– Le notaire et l'obligation de garantie du promoteur. – En sa qualité de constructeur, le vendeur en l'état futur d'achèvement est tenu de garanties spécifiques à l'égard de son acquéreur. Dans certaines situations, ces garanties peuvent s'étendre au-delà du promoteur initial, pour rejaillir sur les propriétaires successifs. Le devoir de conseil auquel il est tenu et, plus encore, son rôle de pédagogue ou d'enseignant du droit1623, imposent au notaire de maîtriser les concepts en présence. Son ingénierie renvoie aussi à cette nécessaire maîtrise. Il sera alors en mesure d'expliquer ces garanties avec clarté aux parties, tant celles ayant vocation à garantir (principalement les promoteurs-vendeurs) que celles devant bénéficier de ces garanties et qui doivent donc connaître leurs modalités de mise en œuvre (principalement l'acquéreur en l'état futur d'achèvement). Ces problématiques font l'objet de développements complets dans les différents précis ou traités spécialisés et reconnus1624. Il ne sera donc pas question d'en reprendre ici l'ensemble des conditions. Un rappel de ces garanties spécifiques sera néanmoins proposé pour chacune d'elles, de manière synthétique, avant que ne soient proposés les points, essentiellement rédactionnels, sur lesquels le notaire peut y déployer son ingénierie.
La notion de réception dans le régime des garanties des constructeurs
Dans le cadre de son obligation de délivrance, la responsabilité du promoteur-vendeur en l'état futur d'achèvement est appréciée à l'aune de l'achèvement et/ou de la livraison des biens1625. S'agissant en revanche des garanties auxquelles ce même promoteur-vendeur est tenu en sa qualité de constructeur, il est renvoyé assez largement à la notion de réception.
Définie par l'article 1792-6 du Code civil1626 comme étant « l'acte par lequel le maître de l'ouvrage déclare accepter l'ouvrage avec ou sans réserves », la date de réception correspond à la pierre angulaire ou élément déclencheur des régimes de garantie des constructeurs.
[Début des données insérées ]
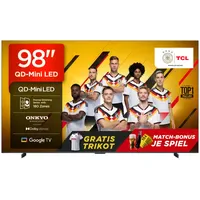 TCL 98Q6C 98 Zoll QD-MiniLED 4K Google TV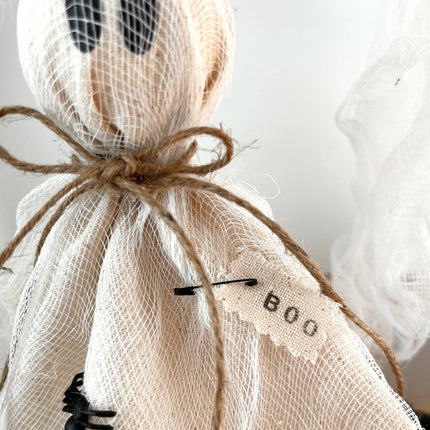 Halloween Ghost, Large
Elle est le point de départ notamment des garanties biennale et décennale, et peut également l'être au titre de la garantie des dommages apparents si la réception est précédée par la prise de possession de plus d'un mois.
En tant qu'acte juridique1627, la réception répond aux conditions de fond de celui-ci1628. Elle doit ainsi refléter une volonté réelle et réciproque des parties au contrat, en respectant le principe du contradictoire.
Sur la forme, le Code civil n'a pas imposé de règles particulières pour la réception. L'application du droit commun de la preuve exige néanmoins un acte écrit1629, sans quoi elle pourra constituer simplement un commencement de preuve. Malgré le silence du législateur en 1978, la réception tacite a néanmoins été reconnue par la Cour de cassation1630.